§ **PROBLEM TO WORK ON**:
Go to the line with "Impressionnant penthouse rénové" in the records below, then output it and each following line exactly, up to and including the line with "Apartman Erika Нин Екстериор снимка". Skip pictures and add nothing.

(DATA TO USE)

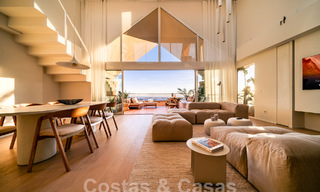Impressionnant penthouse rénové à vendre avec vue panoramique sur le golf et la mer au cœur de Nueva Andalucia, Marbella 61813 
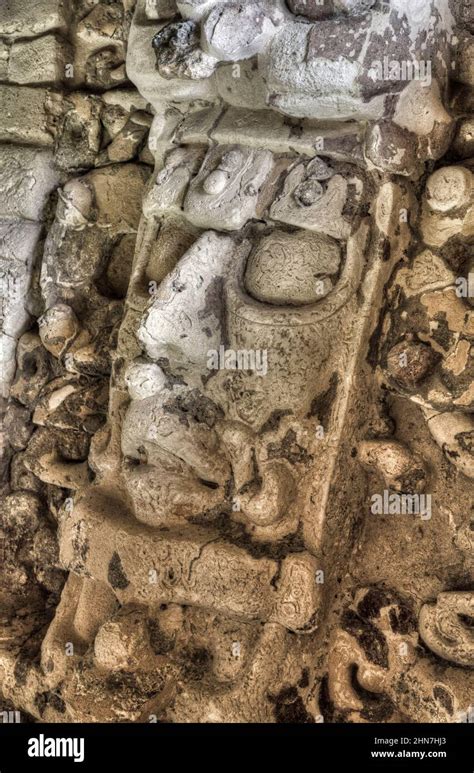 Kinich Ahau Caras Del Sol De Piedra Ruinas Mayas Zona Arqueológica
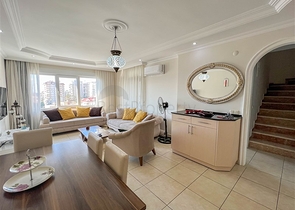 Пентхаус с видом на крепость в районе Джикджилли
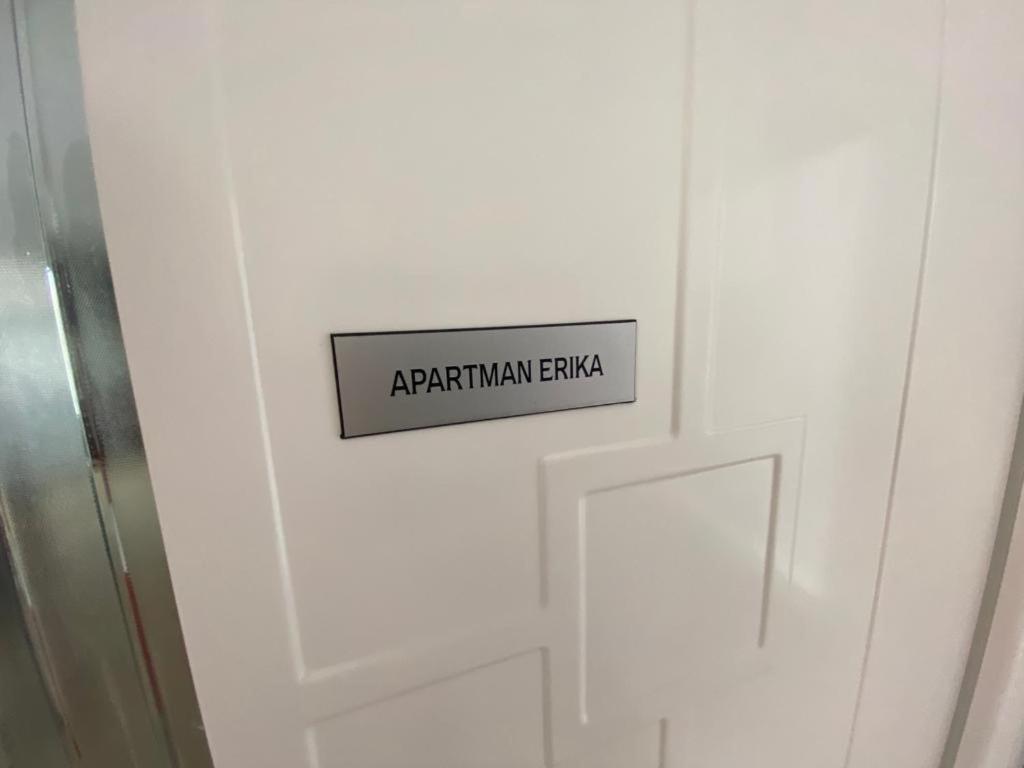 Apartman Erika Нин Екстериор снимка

(End DATA TO USE)
(DATA TO USE)

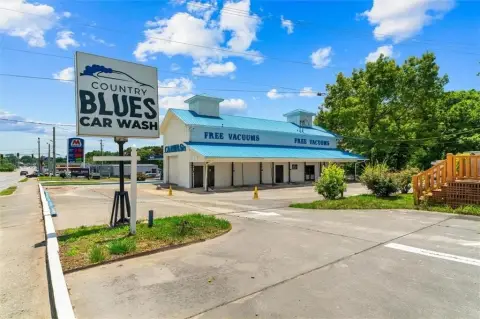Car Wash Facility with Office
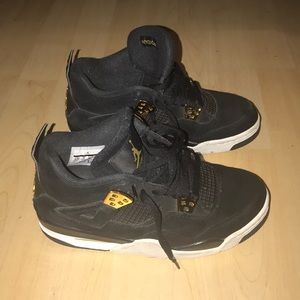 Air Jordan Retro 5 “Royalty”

(End DATA TO USE)

§ **SOLUTION BELOW**:
Impressionnant penthouse rénové à vendre avec vue panoramique sur le golf et la mer au cœur de Nueva Andalucia, Marbella 61813 
 Kinich Ahau Caras Del Sol De Piedra Ruinas Mayas Zona Arqueológica
 Пентхаус с видом на крепость в районе Джикджилли
 Apartman Erika Нин Екстериор снимка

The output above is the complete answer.